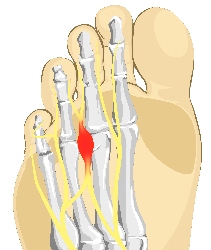 graphic-of-Mortons-Neuroma | Experienced Idaho Podiatrist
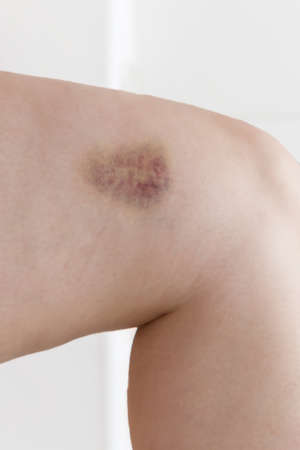 painful knee injury with bruiseの写真素材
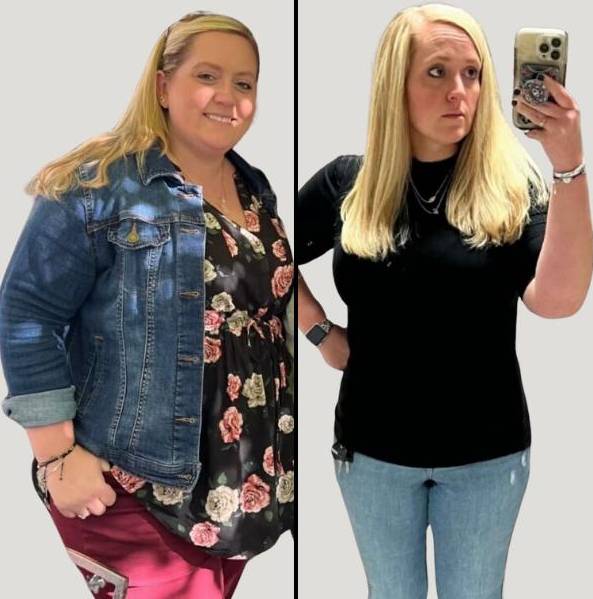 Medical Weight Loss | Case 1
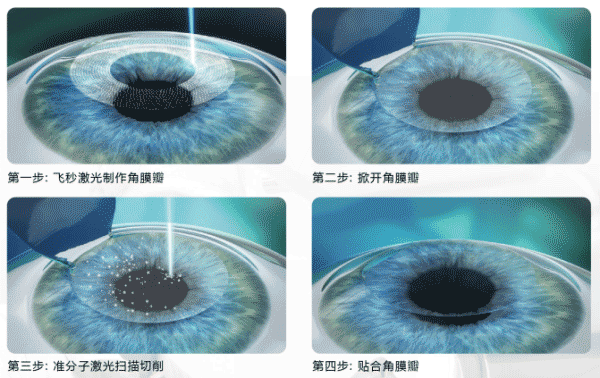 半飞秒激光手术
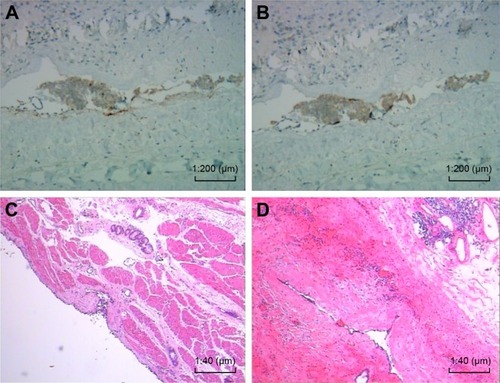 Figure 4 Immunohistochemical and histopathological examination of the cyst sections. (A) Positive expression of CA199, original magnification ×200. (B) Positive expression of CA125, original magnification ×200. (C, D) The cystic wall was lined with ciliated columnar epithelium. The wall also contained cartilage and bronchogenic glands (H&E stained, original magnification ×40).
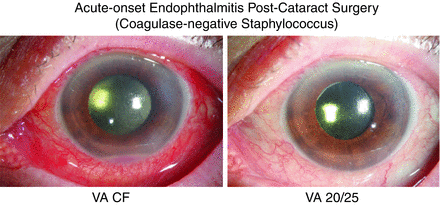 Endophthalmitis Clinical Categories (Incidence Rates, Signs/Symptoms ...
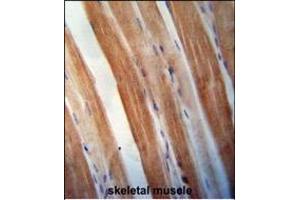 KBTBD5 antibody (Center) (ABIN654387 and ABIN2844133) immunohistochemistry analysis in formalin fixed and paraffin embedded human skeletal muscle followed by peroxidase conjugation of the secondary antibody and DAB staining. (KBTBD5 Antikörper  (AA 349-377))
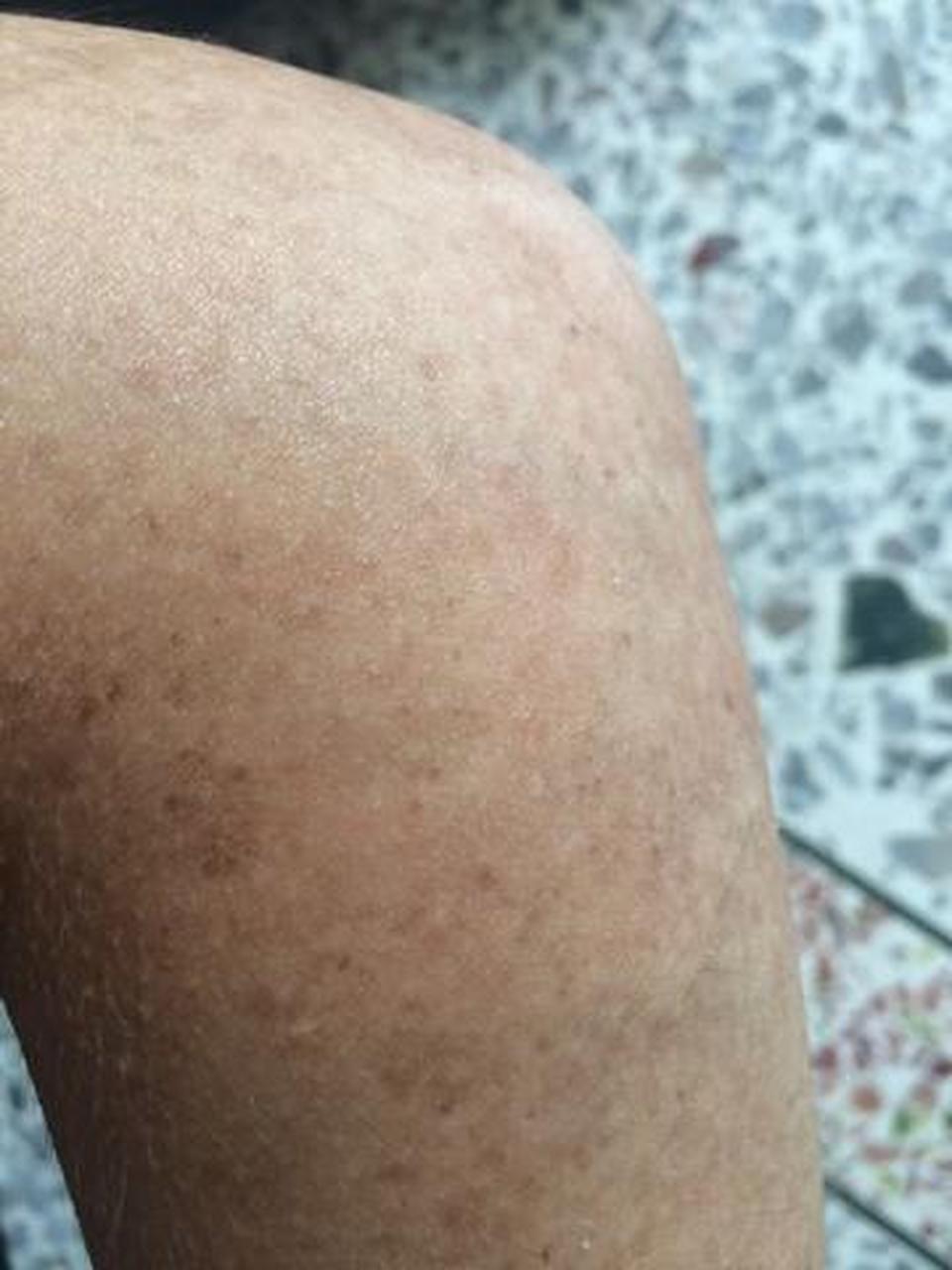 皮肤有黑色素沉淀怎么办  皮肤有黑色素沉淀怎么办,对于想要去除黑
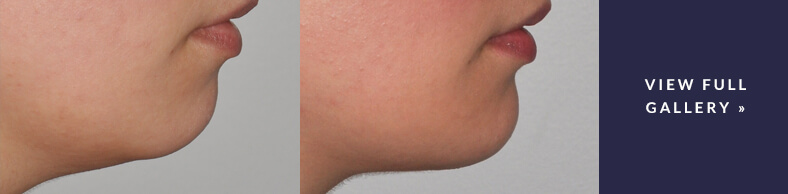 Chin Augmentation Gallery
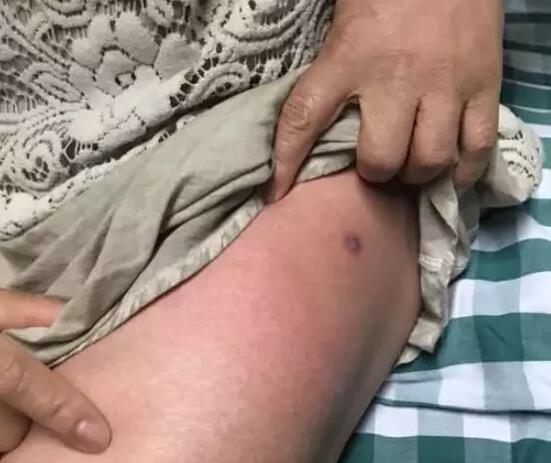 被咬女孩脑死亡!这就是真相!医生曝光事件经过及原因详情真相让人不寒而栗....(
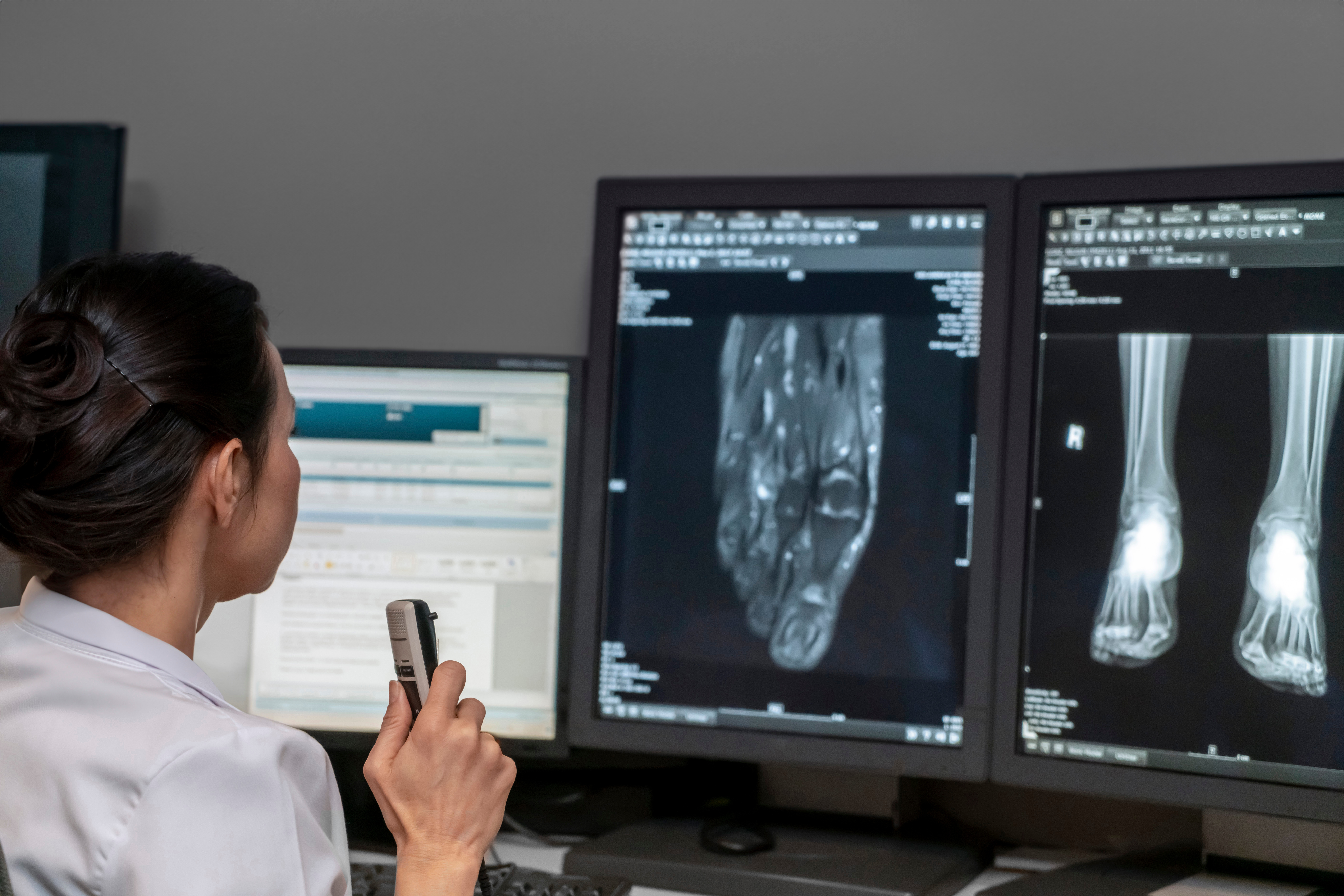 radiology doctor examines foot, ankle x-ray, mr image and reports with microphone looking computer screen, X-ray analysis room reading X-rays of a heel, toe and other parts of the body.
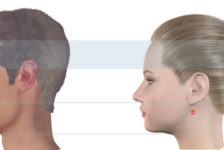 Facial Feminization Surgery (FFS) Procedure Description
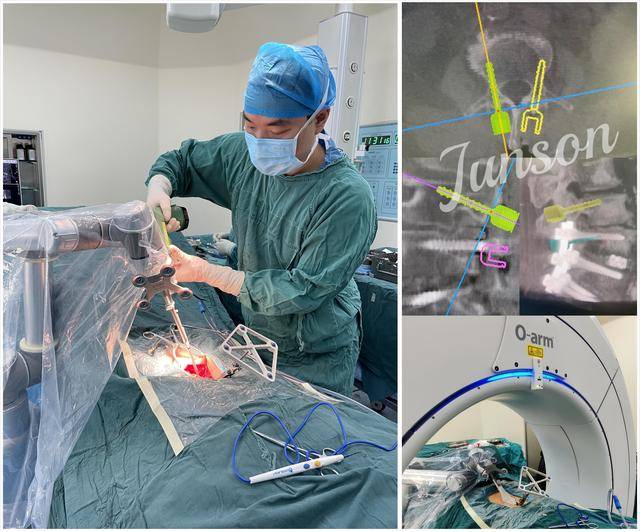 首例|西北首例！O臂结合“天玑”机器人CBT置钉为高龄患者实施腰椎翻修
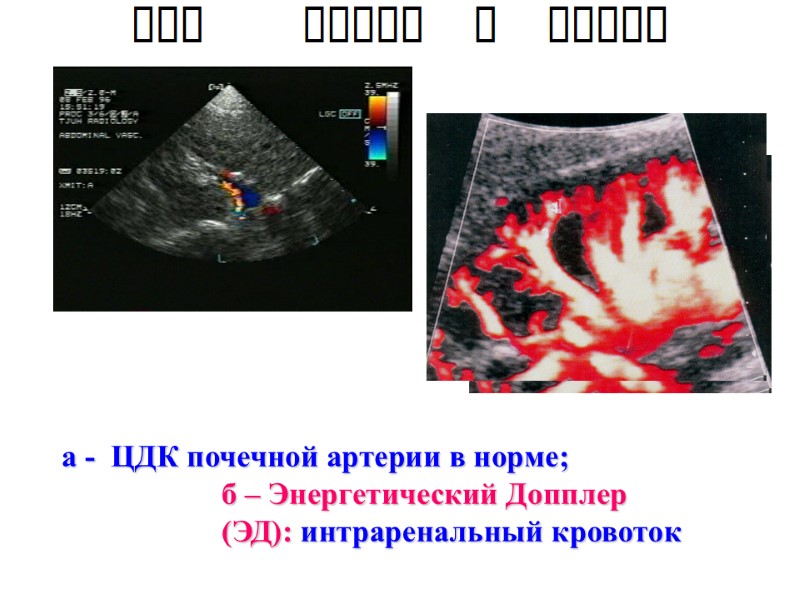 а -  ЦДК почечной артерии в норме;   б – Энергетический Допплер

**Problem requirements**
Leave out every picture, and repeat word for word only the lines from the one holding "Endophthalmitis Clinical Categories" through the end of the entries above, both ends included.

**Output below**
 Endophthalmitis Clinical Categories (Incidence Rates, Signs/Symptoms ...
 KBTBD5 antibody (Center) (ABIN654387 and ABIN2844133) immunohistochemistry analysis in formalin fixed and paraffin embedded human skeletal muscle followed by peroxidase conjugation of the secondary antibody and DAB staining. (KBTBD5 Antikörper  (AA 349-377))
 皮肤有黑色素沉淀怎么办  皮肤有黑色素沉淀怎么办,对于想要去除黑
 Chin Augmentation Gallery
 被咬女孩脑死亡!这就是真相!医生曝光事件经过及原因详情真相让人不寒而栗....(
 radiology doctor examines foot, ankle x-ray, mr image and reports with microphone looking computer screen, X-ray analysis room reading X-rays of a heel, toe and other parts of the body.
 Facial Feminization Surgery (FFS) Procedure Description
 首例|西北首例！O臂结合“天玑”机器人CBT置钉为高龄患者实施腰椎翻修
 а -  ЦДК почечной артерии в норме;   б – Энергетический Допплер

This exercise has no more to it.